A processor will monitor it's own temperatures and will slow down or even shut off if it detects a dangerous temperature to protect itself.
That is around 100c.
Modern motherboards and processors will, by default try to turbo up to get the best performance given the current workload and cooling capabilities.
It looks like your case can handle 3 front 120mm intakes.
One comes with the case, and I would add the other two.
That is sufficient to feed the cooler as well as providing good airflow over the motherboard and graphics card
I would not put any exhaust fans on top.
They would deflect the incoming front airstream up and out of the case before it could reach the components you want to cool.
Jun 4, 2023
So it sounds like its overclocked? You'll want at least 2-3 more fans I would say. One of the bottom and another on the front minimum should help. I would also double check the airflow direction of the CPU cooler fans. Sometimes people have them on the wrong way and they blow inside the case and not out of the back. Also, it's possible the cooler is not seated well or it has too much or too little thermal paste.

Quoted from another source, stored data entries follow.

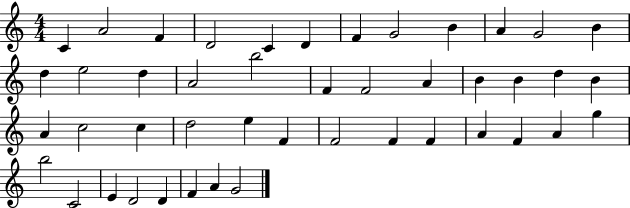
X:1
T:Untitled
M:4/4
L:1/4
K:C
C A2 F D2 C D F G2 B A G2 B d e2 d A2 b2 F F2 A B B d B A c2 c d2 e F F2 F F A F A g b2 C2 E D2 D F A G2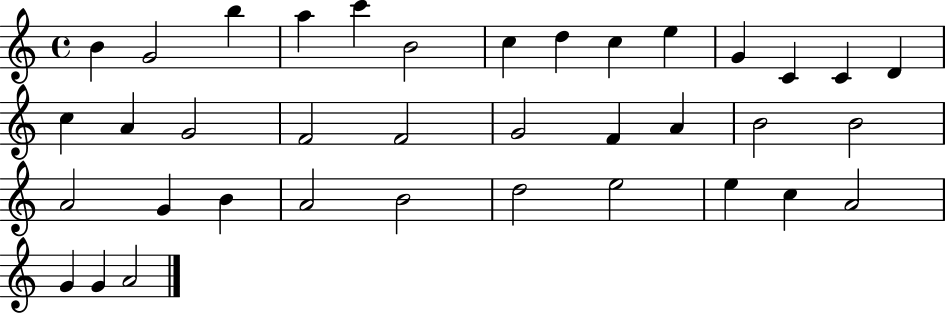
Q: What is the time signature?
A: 4/4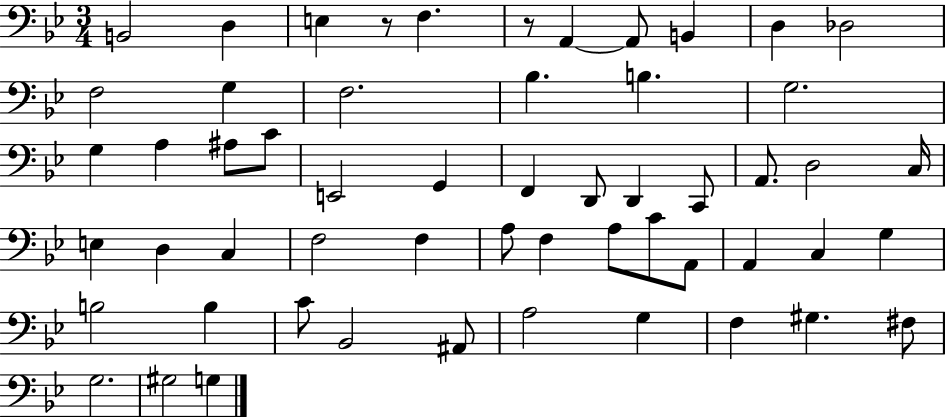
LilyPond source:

{
  \clef bass
  \numericTimeSignature
  \time 3/4
  \key bes \major
  \repeat volta 2 { b,2 d4 | e4 r8 f4. | r8 a,4~~ a,8 b,4 | d4 des2 | \break f2 g4 | f2. | bes4. b4. | g2. | \break g4 a4 ais8 c'8 | e,2 g,4 | f,4 d,8 d,4 c,8 | a,8. d2 c16 | \break e4 d4 c4 | f2 f4 | a8 f4 a8 c'8 a,8 | a,4 c4 g4 | \break b2 b4 | c'8 bes,2 ais,8 | a2 g4 | f4 gis4. fis8 | \break g2. | gis2 g4 | } \bar "|."
}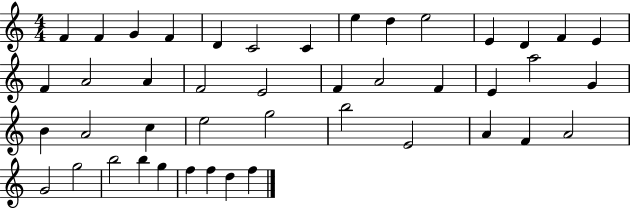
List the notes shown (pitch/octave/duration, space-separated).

F4/q F4/q G4/q F4/q D4/q C4/h C4/q E5/q D5/q E5/h E4/q D4/q F4/q E4/q F4/q A4/h A4/q F4/h E4/h F4/q A4/h F4/q E4/q A5/h G4/q B4/q A4/h C5/q E5/h G5/h B5/h E4/h A4/q F4/q A4/h G4/h G5/h B5/h B5/q G5/q F5/q F5/q D5/q F5/q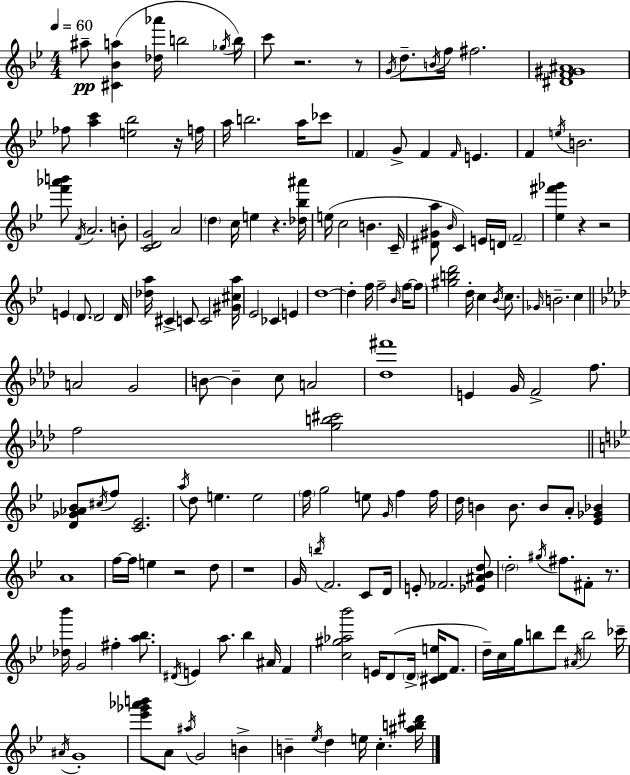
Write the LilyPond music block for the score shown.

{
  \clef treble
  \numericTimeSignature
  \time 4/4
  \key bes \major
  \tempo 4 = 60
  ais''8--\pp <cis' bes' a''>4( <des'' aes'''>16 b''2 \acciaccatura { ges''16 } | b''16) c'''8 r2. r8 | \acciaccatura { g'16 } d''8.-- \acciaccatura { b'16 } f''16 fis''2. | <dis' f' gis' ais'>1 | \break fes''8 <a'' c'''>4 <e'' bes''>2 | r16 f''16 a''16 b''2. | a''16 ces'''8 \parenthesize f'4 g'8-> f'4 \grace { f'16 } e'4. | f'4 \acciaccatura { e''16 } b'2. | \break <f''' aes''' b'''>8 \acciaccatura { f'16 } a'2. | b'8-. <c' d' g'>2 a'2 | \parenthesize d''4 c''16 e''4 r4. | <des'' bes'' ais'''>16 e''16( c''2 b'4. | \break c'16-- <dis' gis' a''>8 \grace { bes'16 }) c'4 e'16 d'16 \parenthesize f'2-- | <ees'' fis''' ges'''>4 r4 r2 | e'4 \parenthesize d'8. d'2 | d'16 <des'' a''>16 cis'4-> c'8 c'2 | \break <gis' cis'' a''>16 ees'2 ces'4 | e'4 d''1~~ | d''4-. f''16 f''2-- | \grace { bes'16 } f''16~~ \parenthesize f''8 <gis'' b'' d'''>2 | \break d''16-. c''4 \acciaccatura { bes'16 } c''8. \grace { ges'16 } b'2.-- | c''4 \bar "||" \break \key aes \major a'2 g'2 | b'8~~ b'4-- c''8 a'2 | <des'' fis'''>1 | e'4 g'16 f'2-> f''8. | \break f''2 <g'' b'' cis'''>2 | \bar "||" \break \key bes \major <d' ges' aes' bes'>8 \acciaccatura { cis''16 } f''8 <c' ees'>2. | \acciaccatura { a''16 } d''8 e''4. e''2 | \parenthesize f''16 g''2 e''8 \grace { g'16 } f''4 | f''16 d''16 b'4 b'8. b'8 a'8-. <ees' ges' bes'>4 | \break a'1 | f''16~~ f''16 e''4 r2 | d''8 r1 | g'16 \acciaccatura { b''16 } f'2. | \break c'8 d'16 e'8-. fes'2. | <ees' ais' bes' d''>8 \parenthesize d''2-. \acciaccatura { gis''16 } fis''8. | fis'8-. r8. <des'' bes'''>16 g'2 fis''4-. | <a'' bes''>8. \acciaccatura { dis'16 } e'4 a''8. bes''4 | \break ais'16 f'4 <c'' gis'' aes'' bes'''>2 e'16 d'8( | \parenthesize d'16-> <cis' d' e''>16 f'8. d''16--) c''16 g''16 b''8 d'''8 \acciaccatura { ais'16 } b''2 | ces'''16-- \acciaccatura { ais'16 } g'1-. | <ees''' ges''' aes''' b'''>8 a'8 \acciaccatura { ais''16 } g'2 | \break b'4-> b'4-- \acciaccatura { ees''16 } d''4 | e''16 c''4.-. <ais'' b'' dis'''>16 \bar "|."
}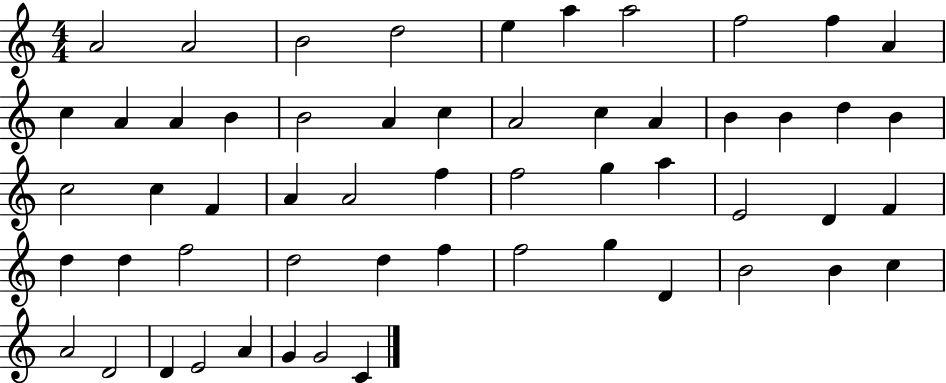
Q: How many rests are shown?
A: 0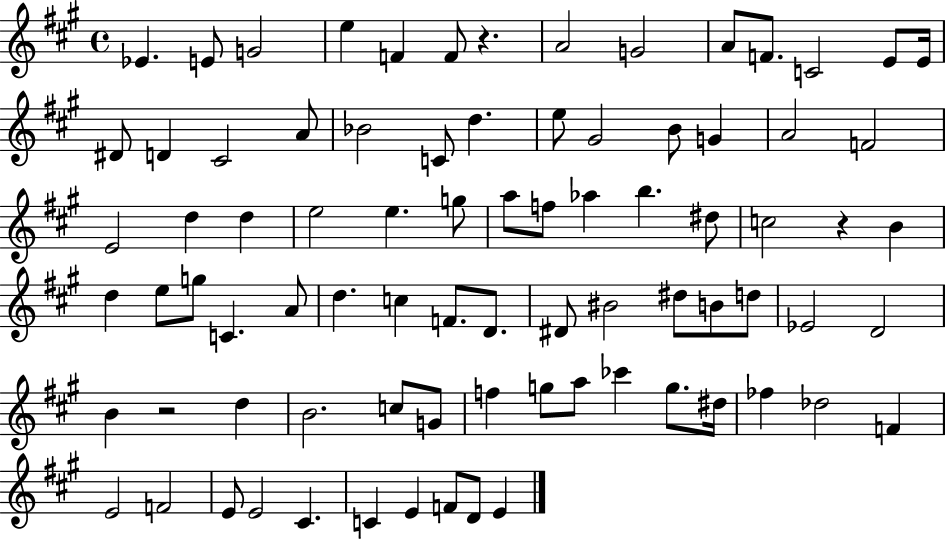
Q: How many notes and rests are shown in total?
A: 82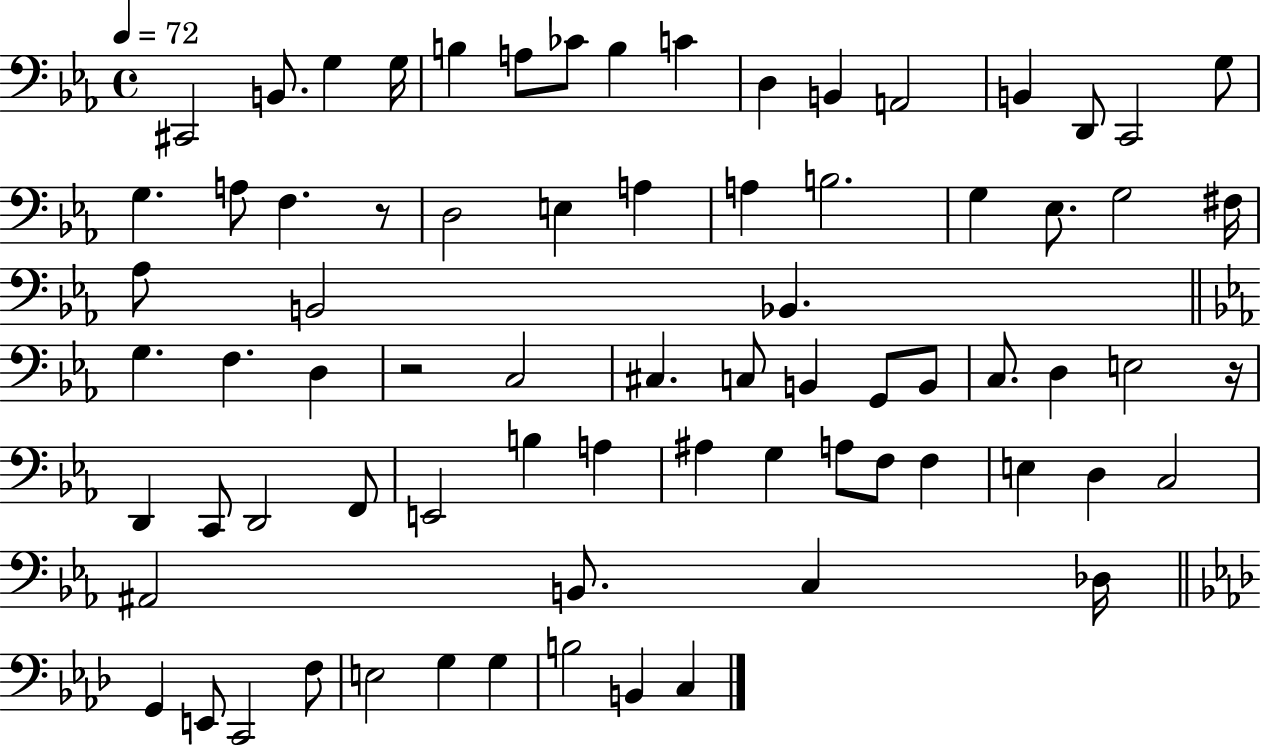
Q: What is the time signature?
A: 4/4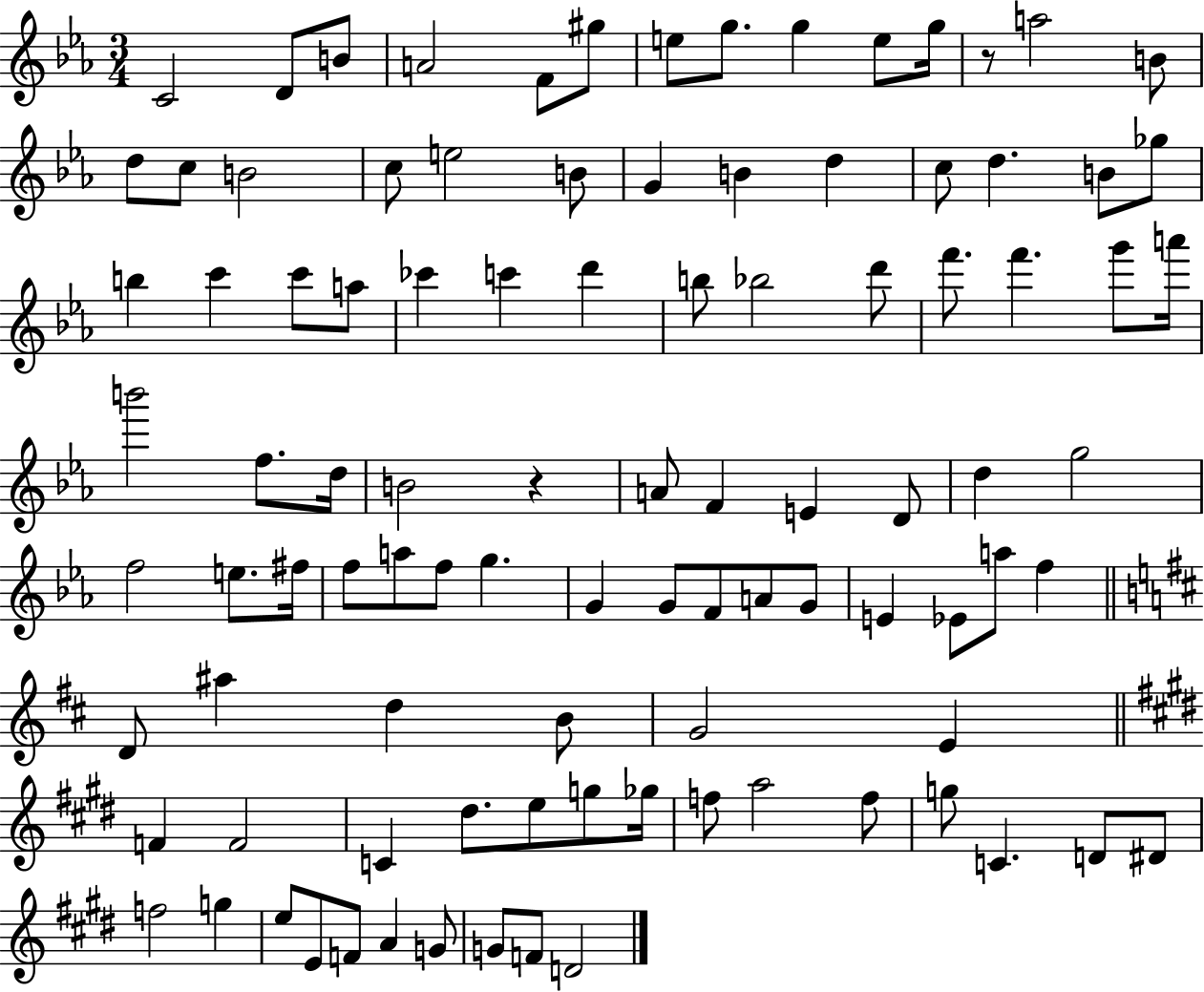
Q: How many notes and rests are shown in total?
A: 98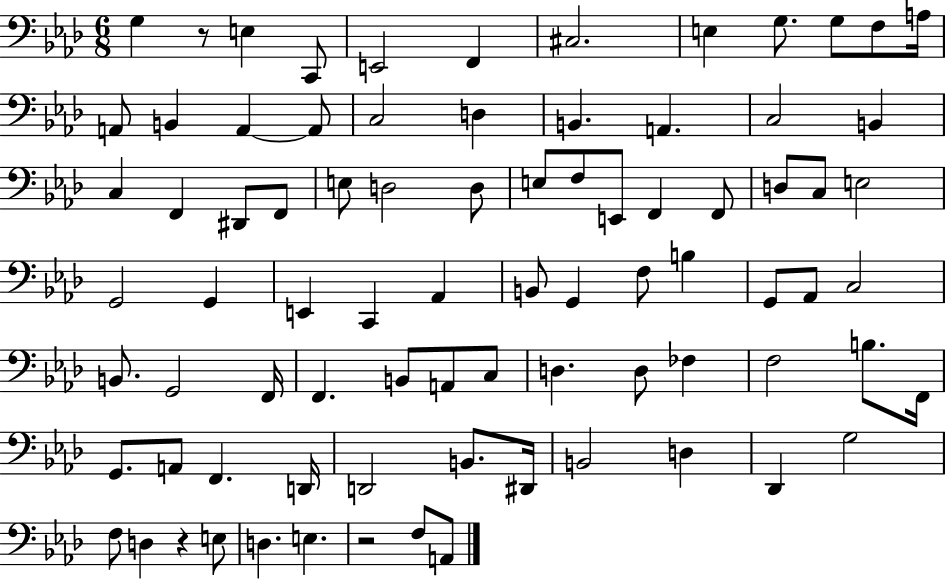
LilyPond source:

{
  \clef bass
  \numericTimeSignature
  \time 6/8
  \key aes \major
  g4 r8 e4 c,8 | e,2 f,4 | cis2. | e4 g8. g8 f8 a16 | \break a,8 b,4 a,4~~ a,8 | c2 d4 | b,4. a,4. | c2 b,4 | \break c4 f,4 dis,8 f,8 | e8 d2 d8 | e8 f8 e,8 f,4 f,8 | d8 c8 e2 | \break g,2 g,4 | e,4 c,4 aes,4 | b,8 g,4 f8 b4 | g,8 aes,8 c2 | \break b,8. g,2 f,16 | f,4. b,8 a,8 c8 | d4. d8 fes4 | f2 b8. f,16 | \break g,8. a,8 f,4. d,16 | d,2 b,8. dis,16 | b,2 d4 | des,4 g2 | \break f8 d4 r4 e8 | d4. e4. | r2 f8 a,8 | \bar "|."
}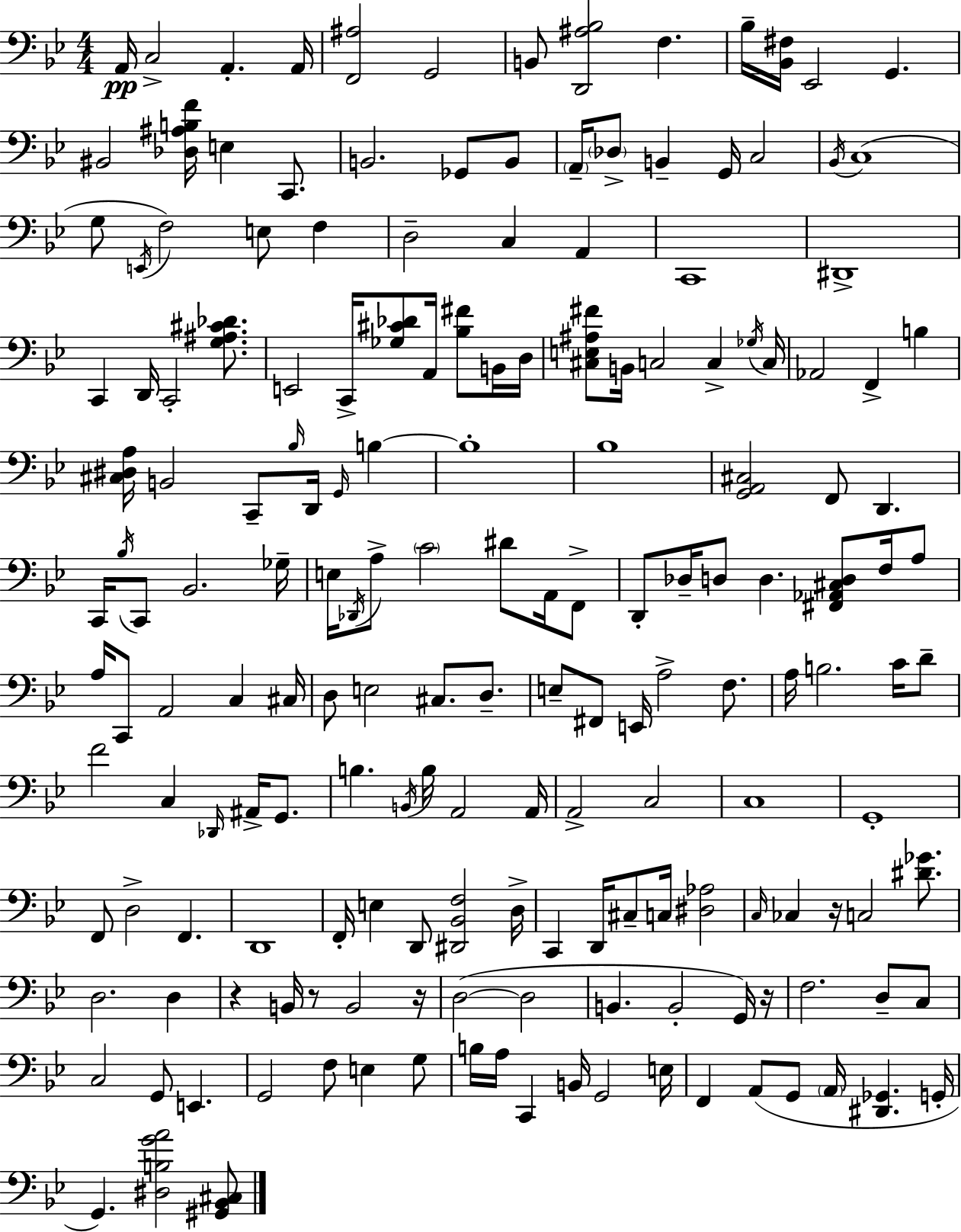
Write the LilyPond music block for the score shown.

{
  \clef bass
  \numericTimeSignature
  \time 4/4
  \key g \minor
  a,16\pp c2-> a,4.-. a,16 | <f, ais>2 g,2 | b,8 <d, ais bes>2 f4. | bes16-- <bes, fis>16 ees,2 g,4. | \break bis,2 <des ais b f'>16 e4 c,8. | b,2. ges,8 b,8 | \parenthesize a,16-- \parenthesize des8-> b,4-- g,16 c2 | \acciaccatura { bes,16 }( c1 | \break g8 \acciaccatura { e,16 }) f2 e8 f4 | d2-- c4 a,4 | c,1 | dis,1-> | \break c,4 d,16 c,2-. <g ais cis' des'>8. | e,2 c,16-> <ges cis' des'>8 a,16 <bes fis'>8 | b,16 d16 <cis e ais fis'>8 b,16 c2 c4-> | \acciaccatura { ges16 } c16 aes,2 f,4-> b4 | \break <cis dis a>16 b,2 c,8-- \grace { bes16 } d,16 | \grace { g,16 } b4~~ b1-. | bes1 | <g, a, cis>2 f,8 d,4. | \break c,16 \acciaccatura { bes16 } c,8 bes,2. | ges16-- e16 \acciaccatura { des,16 } a8-> \parenthesize c'2 | dis'8 a,16 f,8-> d,8-. des16-- d8 d4. | <fis, aes, cis d>8 f16 a8 a16 c,8 a,2 | \break c4 cis16 d8 e2 | cis8. d8.-- e8-- fis,8 e,16 a2-> | f8. a16 b2. | c'16 d'8-- f'2 c4 | \break \grace { des,16 } ais,16-> g,8. b4. \acciaccatura { b,16 } b16 | a,2 a,16 a,2-> | c2 c1 | g,1-. | \break f,8 d2-> | f,4. d,1 | f,16-. e4 d,8 | <dis, bes, f>2 d16-> c,4 d,16 cis8-- | \break c16 <dis aes>2 \grace { c16 } ces4 r16 c2 | <dis' ges'>8. d2. | d4 r4 b,16 r8 | b,2 r16 d2~(~ | \break d2 b,4. | b,2-. g,16) r16 f2. | d8-- c8 c2 | g,8 e,4. g,2 | \break f8 e4 g8 b16 a16 c,4 | b,16 g,2 e16 f,4 a,8( | g,8 \parenthesize a,16 <dis, ges,>4. g,16-. g,4.) | <dis b g' a'>2 <gis, bes, cis>8 \bar "|."
}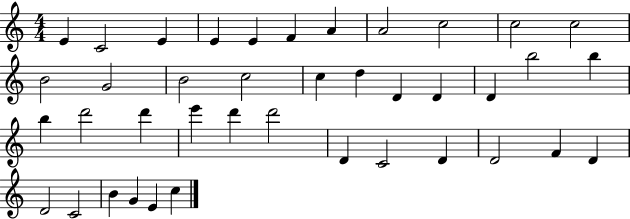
E4/q C4/h E4/q E4/q E4/q F4/q A4/q A4/h C5/h C5/h C5/h B4/h G4/h B4/h C5/h C5/q D5/q D4/q D4/q D4/q B5/h B5/q B5/q D6/h D6/q E6/q D6/q D6/h D4/q C4/h D4/q D4/h F4/q D4/q D4/h C4/h B4/q G4/q E4/q C5/q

Anyway, I would double check your CPU speed clock and then look at installing some more fans to help cool it down. I have an i5 12600k and at most I might hit high 50s or low 60s for temps under heavy use.


Jun 29, 2019
From the top of my head, liquid has a temperature transference rate of over 20 times that of gas, so liquid cooling is up to that much better than fan cooling, even though liquid cooling in the end relies on fan cooling

I googled and found that: liquid cooling can be 2-10 times more effective than air cooling

Also people have been trying to run their PC from a freezer, but won't go into those ridiculous discussions :) Point is leaving your case open, then your room window can matter
It is the nature of 13th gen processors and motherboards to try to run the cpu as strongly as possible, given the workload and cooling available.
All cooling(peltier excepted) is really air cooling. The difference is in where the heat exchange takes place.
The effectiveness is mostly determined by the volume and construction of the cooling fins.
A 240 aio will cool about as well as a twin tower cooler like the noctua NH-D15.
I reset the mobo settings but it says 5.1 mhz still on the right and I don't remember if that's what it was originally so I am paranoid about whether or not it actually reset properly.
5.1Ghz is the max clocks for one or two cores, if you get 5.1 on all cores while doing your stress tests then the defaults of your mobo are overclocking your CPU, you would have to find out which settings you have to manually change to get to normal performance.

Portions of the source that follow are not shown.